É preciso considerar que o racismo influencia as nossas vidas, por se tratar de algo estrutural, e não de uma atitude individual como pensam muitas pessoas. O comportamento do defensor Jovino Bento Júnior, responsável por protocolar ação civil pública contra Magazine Luiza, pedindo uma multa indenizatória de 10 milhões de reais por danos morais, por um suposto “racismo inverso”, demonstra muito bem o quanto essa questão precisa ser debatida, exaustivamente, na sociedade brasileira.

Conforme o defensor público Jovino Bento Júnior, sua ação judicial se justifica porque o processo seletivo da empresa é “ilegal”, uma vez que, segundo ele, discrimina “demais trabalhadores que também dependem da venda de sua força de trabalho para manter a si mesmos e às respectivas famílias”.

Ocorre que o referido defensor se equivoca, pois não considera o quanto as pessoas negras são afetadas pelo racismo em toda a sua trajetória de vida. A socialização no contexto brasileiro foi baseada na desigualdade, assentada na questão racial. Significa dizer que, mesmo após a escravidão, os valores negativos construídos em relação ao povo negro tiveram continuidade, devido à falta de políticas governamentais que visassem o contrário.

Por isso, é necessário reconhecer a existência de relações de forças – simbólicas e não simbólicas – que determinam papeis sociais de subalternidade para o povo negro. Os números das desigualdades não nos deixam mentir.
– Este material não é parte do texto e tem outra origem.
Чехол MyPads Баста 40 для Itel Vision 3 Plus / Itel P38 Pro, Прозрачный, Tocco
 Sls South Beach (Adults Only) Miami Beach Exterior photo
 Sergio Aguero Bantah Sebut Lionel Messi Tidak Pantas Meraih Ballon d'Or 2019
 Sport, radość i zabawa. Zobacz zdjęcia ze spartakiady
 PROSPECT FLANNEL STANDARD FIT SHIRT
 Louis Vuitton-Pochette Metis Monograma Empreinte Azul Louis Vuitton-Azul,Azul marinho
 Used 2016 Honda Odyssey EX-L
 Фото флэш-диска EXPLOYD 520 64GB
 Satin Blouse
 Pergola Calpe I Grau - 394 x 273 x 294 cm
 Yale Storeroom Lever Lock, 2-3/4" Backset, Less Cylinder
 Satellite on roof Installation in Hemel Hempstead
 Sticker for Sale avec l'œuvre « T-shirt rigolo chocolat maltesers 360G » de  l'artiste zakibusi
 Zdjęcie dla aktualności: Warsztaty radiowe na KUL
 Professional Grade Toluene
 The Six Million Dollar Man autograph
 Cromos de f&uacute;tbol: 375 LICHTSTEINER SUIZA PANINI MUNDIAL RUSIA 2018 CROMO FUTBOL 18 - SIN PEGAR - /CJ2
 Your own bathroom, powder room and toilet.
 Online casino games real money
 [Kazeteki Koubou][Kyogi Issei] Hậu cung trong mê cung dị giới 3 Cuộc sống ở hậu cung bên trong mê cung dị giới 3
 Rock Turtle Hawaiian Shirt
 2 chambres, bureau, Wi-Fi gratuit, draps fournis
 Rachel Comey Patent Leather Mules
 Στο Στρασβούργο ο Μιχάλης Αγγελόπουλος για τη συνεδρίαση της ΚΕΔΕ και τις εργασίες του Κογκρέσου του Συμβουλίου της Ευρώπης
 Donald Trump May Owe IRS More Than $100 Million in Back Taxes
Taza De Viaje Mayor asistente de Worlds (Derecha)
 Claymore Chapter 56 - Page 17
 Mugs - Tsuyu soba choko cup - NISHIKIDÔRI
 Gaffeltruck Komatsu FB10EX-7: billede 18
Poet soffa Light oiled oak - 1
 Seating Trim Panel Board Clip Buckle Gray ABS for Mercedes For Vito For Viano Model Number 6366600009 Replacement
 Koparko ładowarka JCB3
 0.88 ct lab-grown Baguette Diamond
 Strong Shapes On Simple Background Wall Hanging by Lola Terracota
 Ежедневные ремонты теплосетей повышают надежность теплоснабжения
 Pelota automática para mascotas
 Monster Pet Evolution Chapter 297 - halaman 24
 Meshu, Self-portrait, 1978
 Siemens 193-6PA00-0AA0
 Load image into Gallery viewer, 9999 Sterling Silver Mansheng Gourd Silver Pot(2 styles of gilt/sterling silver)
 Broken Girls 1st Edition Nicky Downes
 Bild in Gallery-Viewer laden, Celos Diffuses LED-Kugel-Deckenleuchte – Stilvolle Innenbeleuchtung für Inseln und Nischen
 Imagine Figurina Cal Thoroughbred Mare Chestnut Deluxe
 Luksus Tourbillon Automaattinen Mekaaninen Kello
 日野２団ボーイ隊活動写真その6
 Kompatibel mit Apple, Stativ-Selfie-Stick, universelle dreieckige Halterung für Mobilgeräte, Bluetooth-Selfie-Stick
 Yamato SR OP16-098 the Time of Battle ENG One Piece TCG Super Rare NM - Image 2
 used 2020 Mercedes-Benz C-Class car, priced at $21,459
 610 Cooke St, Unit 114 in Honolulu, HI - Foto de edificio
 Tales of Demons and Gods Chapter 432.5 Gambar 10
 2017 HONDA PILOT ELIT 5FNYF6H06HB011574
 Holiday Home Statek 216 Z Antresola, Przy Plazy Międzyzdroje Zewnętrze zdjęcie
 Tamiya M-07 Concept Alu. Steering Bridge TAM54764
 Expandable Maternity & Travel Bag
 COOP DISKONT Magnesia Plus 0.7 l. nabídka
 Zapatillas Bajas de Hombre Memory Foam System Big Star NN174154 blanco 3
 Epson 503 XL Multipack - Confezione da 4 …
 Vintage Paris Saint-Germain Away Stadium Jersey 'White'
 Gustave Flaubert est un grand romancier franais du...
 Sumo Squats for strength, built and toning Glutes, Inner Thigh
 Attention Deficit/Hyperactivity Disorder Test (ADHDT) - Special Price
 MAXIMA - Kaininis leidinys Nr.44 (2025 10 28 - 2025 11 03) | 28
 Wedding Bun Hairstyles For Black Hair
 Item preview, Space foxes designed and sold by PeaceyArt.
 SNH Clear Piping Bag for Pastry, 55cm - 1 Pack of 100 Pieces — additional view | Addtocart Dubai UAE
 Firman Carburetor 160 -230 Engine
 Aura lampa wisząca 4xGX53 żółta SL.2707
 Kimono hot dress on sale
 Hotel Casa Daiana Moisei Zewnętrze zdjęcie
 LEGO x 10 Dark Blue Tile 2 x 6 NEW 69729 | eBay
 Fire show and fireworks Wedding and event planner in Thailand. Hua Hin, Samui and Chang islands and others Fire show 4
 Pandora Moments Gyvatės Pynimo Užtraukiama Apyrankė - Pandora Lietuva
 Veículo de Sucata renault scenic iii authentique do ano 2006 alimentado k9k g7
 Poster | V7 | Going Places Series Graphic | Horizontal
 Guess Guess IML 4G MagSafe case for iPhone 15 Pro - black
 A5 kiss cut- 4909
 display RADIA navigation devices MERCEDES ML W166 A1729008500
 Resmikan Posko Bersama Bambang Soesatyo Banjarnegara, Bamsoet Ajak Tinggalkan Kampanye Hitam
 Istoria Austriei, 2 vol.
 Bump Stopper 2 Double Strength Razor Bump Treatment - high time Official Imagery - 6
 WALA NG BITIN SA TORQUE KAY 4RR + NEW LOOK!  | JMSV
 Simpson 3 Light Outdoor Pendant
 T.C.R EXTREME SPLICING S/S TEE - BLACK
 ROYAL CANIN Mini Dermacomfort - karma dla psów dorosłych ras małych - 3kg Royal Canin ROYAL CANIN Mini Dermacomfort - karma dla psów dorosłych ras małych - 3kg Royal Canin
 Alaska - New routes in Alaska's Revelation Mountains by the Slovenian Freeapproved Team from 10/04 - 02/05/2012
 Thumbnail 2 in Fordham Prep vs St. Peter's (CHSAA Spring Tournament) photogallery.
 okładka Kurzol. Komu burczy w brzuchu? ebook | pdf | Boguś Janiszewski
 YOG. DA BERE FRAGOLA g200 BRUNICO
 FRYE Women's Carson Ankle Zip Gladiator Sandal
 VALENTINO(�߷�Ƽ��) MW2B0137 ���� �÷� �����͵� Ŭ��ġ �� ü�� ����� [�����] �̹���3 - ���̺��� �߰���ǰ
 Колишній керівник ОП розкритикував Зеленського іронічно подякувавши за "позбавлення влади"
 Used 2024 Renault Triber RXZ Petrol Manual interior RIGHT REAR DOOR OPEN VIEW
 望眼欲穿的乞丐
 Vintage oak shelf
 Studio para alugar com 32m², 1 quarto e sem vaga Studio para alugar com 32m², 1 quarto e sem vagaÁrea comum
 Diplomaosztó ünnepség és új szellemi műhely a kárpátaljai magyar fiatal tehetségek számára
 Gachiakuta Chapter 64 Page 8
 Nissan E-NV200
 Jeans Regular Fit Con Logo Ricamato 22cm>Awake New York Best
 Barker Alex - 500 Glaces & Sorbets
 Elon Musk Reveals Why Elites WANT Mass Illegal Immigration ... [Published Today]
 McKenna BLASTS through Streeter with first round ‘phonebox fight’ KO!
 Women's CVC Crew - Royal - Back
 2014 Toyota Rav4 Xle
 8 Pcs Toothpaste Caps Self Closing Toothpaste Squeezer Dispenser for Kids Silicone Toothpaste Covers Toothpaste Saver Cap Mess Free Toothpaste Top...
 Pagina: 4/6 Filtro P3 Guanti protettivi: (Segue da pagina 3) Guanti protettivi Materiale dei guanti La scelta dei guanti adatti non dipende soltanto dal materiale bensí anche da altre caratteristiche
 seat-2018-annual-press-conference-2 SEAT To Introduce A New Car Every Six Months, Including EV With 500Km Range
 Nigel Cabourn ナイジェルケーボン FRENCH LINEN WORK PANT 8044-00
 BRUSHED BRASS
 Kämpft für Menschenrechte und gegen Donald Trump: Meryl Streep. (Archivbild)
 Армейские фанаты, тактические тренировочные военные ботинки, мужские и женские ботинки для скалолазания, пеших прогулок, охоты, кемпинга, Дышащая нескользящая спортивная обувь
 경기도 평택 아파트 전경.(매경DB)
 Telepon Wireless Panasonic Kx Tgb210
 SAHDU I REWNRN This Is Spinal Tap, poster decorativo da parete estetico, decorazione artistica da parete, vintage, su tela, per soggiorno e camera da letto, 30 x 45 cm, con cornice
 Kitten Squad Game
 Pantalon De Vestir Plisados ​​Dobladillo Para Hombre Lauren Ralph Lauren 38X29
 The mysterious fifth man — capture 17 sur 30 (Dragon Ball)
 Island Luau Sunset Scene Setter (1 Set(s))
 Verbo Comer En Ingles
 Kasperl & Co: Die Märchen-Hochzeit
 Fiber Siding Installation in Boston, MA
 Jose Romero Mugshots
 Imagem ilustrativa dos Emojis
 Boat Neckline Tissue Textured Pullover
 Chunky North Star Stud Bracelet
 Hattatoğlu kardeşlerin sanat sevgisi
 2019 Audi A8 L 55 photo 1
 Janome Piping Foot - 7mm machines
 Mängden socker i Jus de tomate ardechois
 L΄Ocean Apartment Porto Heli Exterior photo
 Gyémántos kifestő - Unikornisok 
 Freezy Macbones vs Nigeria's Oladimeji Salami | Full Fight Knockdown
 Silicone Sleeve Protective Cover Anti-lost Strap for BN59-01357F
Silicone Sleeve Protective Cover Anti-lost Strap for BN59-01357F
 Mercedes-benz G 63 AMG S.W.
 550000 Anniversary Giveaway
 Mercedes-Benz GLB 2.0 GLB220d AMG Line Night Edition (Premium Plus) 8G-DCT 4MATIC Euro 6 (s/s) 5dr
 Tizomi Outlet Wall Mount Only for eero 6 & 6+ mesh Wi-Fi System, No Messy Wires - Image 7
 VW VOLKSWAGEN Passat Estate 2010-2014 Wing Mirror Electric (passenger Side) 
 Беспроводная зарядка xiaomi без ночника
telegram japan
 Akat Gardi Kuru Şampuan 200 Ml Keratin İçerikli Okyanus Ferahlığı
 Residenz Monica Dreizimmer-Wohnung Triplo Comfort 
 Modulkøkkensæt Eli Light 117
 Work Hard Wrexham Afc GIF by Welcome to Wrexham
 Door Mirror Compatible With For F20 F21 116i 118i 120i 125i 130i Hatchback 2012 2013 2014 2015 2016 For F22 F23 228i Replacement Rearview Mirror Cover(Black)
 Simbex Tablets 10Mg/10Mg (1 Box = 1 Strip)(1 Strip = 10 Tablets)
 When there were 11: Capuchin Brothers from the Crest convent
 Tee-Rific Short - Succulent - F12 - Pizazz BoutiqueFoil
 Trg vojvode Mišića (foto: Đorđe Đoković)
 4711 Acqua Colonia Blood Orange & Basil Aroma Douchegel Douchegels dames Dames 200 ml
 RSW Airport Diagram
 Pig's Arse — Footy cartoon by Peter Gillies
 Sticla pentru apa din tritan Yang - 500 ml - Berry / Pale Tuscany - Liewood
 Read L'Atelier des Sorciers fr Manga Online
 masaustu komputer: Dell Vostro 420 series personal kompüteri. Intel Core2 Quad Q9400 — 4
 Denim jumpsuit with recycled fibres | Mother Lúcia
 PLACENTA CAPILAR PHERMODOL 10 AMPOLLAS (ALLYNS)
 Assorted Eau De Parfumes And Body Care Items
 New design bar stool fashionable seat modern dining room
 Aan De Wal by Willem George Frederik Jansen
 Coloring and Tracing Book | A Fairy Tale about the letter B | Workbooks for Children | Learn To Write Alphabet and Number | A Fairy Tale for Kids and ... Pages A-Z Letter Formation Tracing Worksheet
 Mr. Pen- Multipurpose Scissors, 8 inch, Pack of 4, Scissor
De acordo com o Instituto Brasileiro de Geografia e Estatística (IBGE), em relação à população desocupada, que inclui, além dos desempregados, os subempregados e a força de trabalho potencial, as pessoas pretas ou pardas formam o maior contingente. Em 2018 elas formavam cerca de ⅔ dos desocupados (64,2%) e dos subutilizados (66,1%) na força de trabalho.

O mesmo instituto de pesquisa também aponta que a população branca tem renda 74% superior à renda das pessoas pretas e pardas. Nos cargos de gerência, a proporção de brancos corresponde a 68,6%, contra 29,9% entre pretos ou pardos (29,9%), no mesmo ano.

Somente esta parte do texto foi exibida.